Friday, February 12, 2010

A Hurricane and a Harbinger of Nostalgia



Voyage 8 - January 25 – Febrary 12

I have never in my life felt so vulnerable as I did on the night of February the fourth. We were sailing southwest, towards the South Orkney Islands from South Georgia, that is, until a meteorological report came in complete with a hurricane warning. The seas in the direction we were heading had ten-meter swells. Ten meters. Something like thirty-six feet. Needless to say, we changed our course for the opposite direction. The hurricane was going to do one of two things: It was going to head south and completely miss us or go north, towards us, and bring its ten-meter swells and one hundred and twenty kilometer winds with it. Nobody knew what was going to happen. I could hear it in the concern in our expedition leader’s voice and I saw it in the way we went to all lengths to secure everything on the ship.
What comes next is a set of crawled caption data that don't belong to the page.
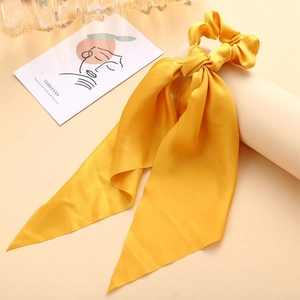 Close-up of bright yellow satin scrunchie with long ribbons on a cream display stand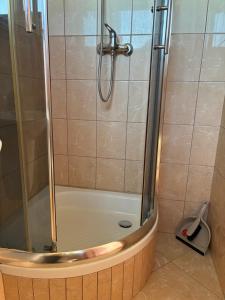 a shower with a glass door in a bathroom at Żółta Chata in Władysławowo +110 photos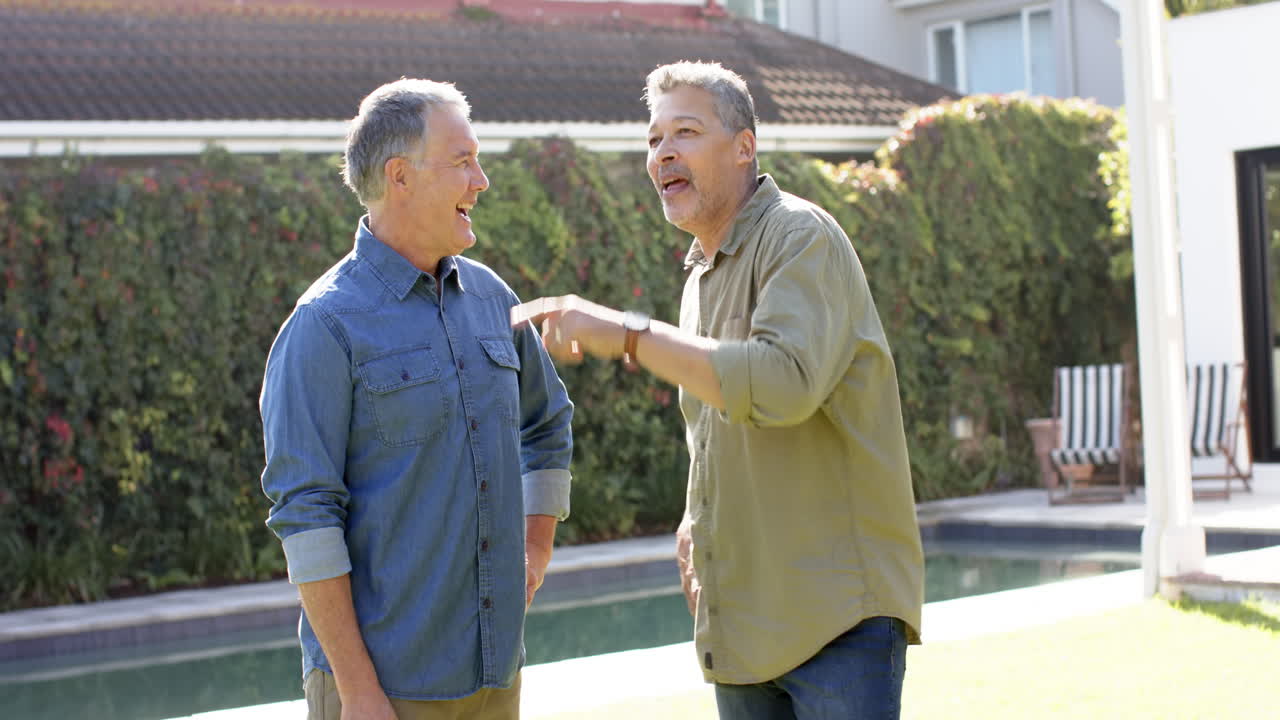 Amigos mayores conversando y riendo juntos al aire libre cerca de una piscina.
I lay in bed that night thinking about a lot of things. I thought about how hurricanes destroy cities. I thought about our little tiny open top lifeboats. I was aware of every movement of the ship, wondering if every wave we hit was a harbinger of worse things to come. When I would drift off to sleep my dreams would immediately magnify the rolling and I would awaken again in a panic. My ship is a good ship, but obviously not invincible. I thought about the six-meter swells from Christmas Eve, and tried to imagine what sailing through peaks and valleys of ten meters would feel like. I thought about my bar and suddenly was convinced I’d left glasses lying around, so I got up, ostensibly to double check everything, but really I think I needed to walk around and see passengers who weren’t worried like I was. There was indeed a couple still up, playing cards. Seeing their nonchalance and the quizzical look on their faces to see me puttering around my bar at two in the morning helped to calm me. I went back to my cabin and fell asleep and when I woke up I learned that the storm had gone south, away from us.
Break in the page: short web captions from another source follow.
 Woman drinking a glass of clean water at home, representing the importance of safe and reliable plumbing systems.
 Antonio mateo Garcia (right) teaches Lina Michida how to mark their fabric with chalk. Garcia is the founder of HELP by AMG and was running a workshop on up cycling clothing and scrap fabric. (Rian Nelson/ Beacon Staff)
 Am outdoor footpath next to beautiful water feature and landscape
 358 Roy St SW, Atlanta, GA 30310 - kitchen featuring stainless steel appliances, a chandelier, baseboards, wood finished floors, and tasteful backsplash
When our passengers hear about the storm we weathered on Christmas Eve a common question I get asked is whether or not I was scared. The question has always surprised me. Why would I worry? This boat has been sailing through the Drake Passage for years. There is a tourism industry built around sailing people through these stormy waters. Sure, we rolled 38 degrees, but the ship can handle at least 45 degrees of roll before she’s in danger of not being able to right herself. It was an eventful evening, chaotic, and a little bit exciting, but scary? Nah. It took the night of the hurricane warning to remind me of how were not invincible out here. I mean, there was a time when a solitary iceberg sank a certain unsinkable ship. Shit happens.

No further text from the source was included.